The RSSA Team
April 28, 2020 Social Security
Pamela Kweller RSSA Staff
On April 22, 2020 the Social Security Board of Trustees released its annual report, sharing its findings regarding the long-term financial status of the Social Security Trust Funds. To read more about the report’s key findings, you can catch up here.
One of its major findings is that the combined OASI and DI Trust Funds are projected to become depleted in 2035. If you think that sounds bad, you are not wrong. It’s definitely not good, but it also isn’t as bad as it sounds. Social Security will still exist in 2035 and beyond and there are many ways to solve this future problem.

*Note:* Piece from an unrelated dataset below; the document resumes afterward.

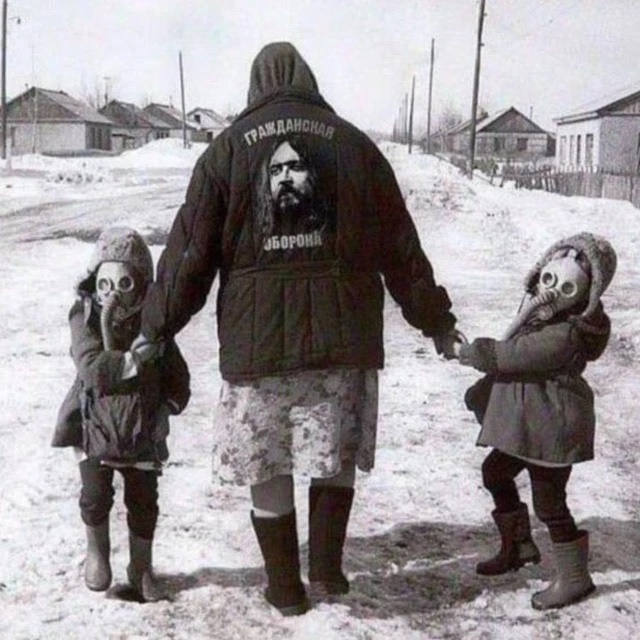 Иконка Канал Графиня☢️изменившимся лицомъ бѣжитъ пруду — портал Max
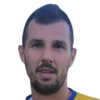 Mujcic Armin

The OASI Trust Fund stands for the Old-Age & Survivors Insurance Trust Fund. The DI Trust Fund stands for the Disability Insurance Trust Fund. These are two distinct and separate programs, however they are often simply referred to as the combined OASDI Trust Fund.
You may be wondering where the trust fund money comes from. These two programs get funding from payroll taxes, benefit taxes, and earned interest.
Over time, the OASDI trust fund has collected a surplus of money and this money is referred to as the “reserves.” According to the 2020 OASDI Trustees Report, the reserves currently hold $2.9 trillion dollars.
Social Security has built these reserves because it was spending less money than it was taking in. However, that is about to change. The total annual cost of the program is projected to exceed total annual income beginning in 2021. This means that the reserves will begin to decline in 2021 and therefore, the combined OASDI Trust Fund reserves are projected to become depleted in 2035.
Does that mean Social Security will be completely gone? No. Although the reserves will be depleted, there will still be money and retirees will still receive benefits. Remember, Social Security is a “pay-as-you-go” system. There will still be workers paying payroll taxes and there will still be Social Security beneficiaries paying taxes on their benefits.
However, without the reserves and with more retirees than workers, Social Security will not have enough money to fund the full program. It is projected that in 2035, only 79% of its benefits will be able to be paid. This essentially means that beneficiaries will only receive 79% of their earned benefits.
Can this be fixed? Yes. There are many solutions and there have been many proposals to protect the solvency of the Social Security program. Some proposed solutions include raising the Full Retirement Age, raising payroll taxes, and raising the maximum taxable earned income limit. Congress can take action and make changes to ensure a strong future for the Social Security program.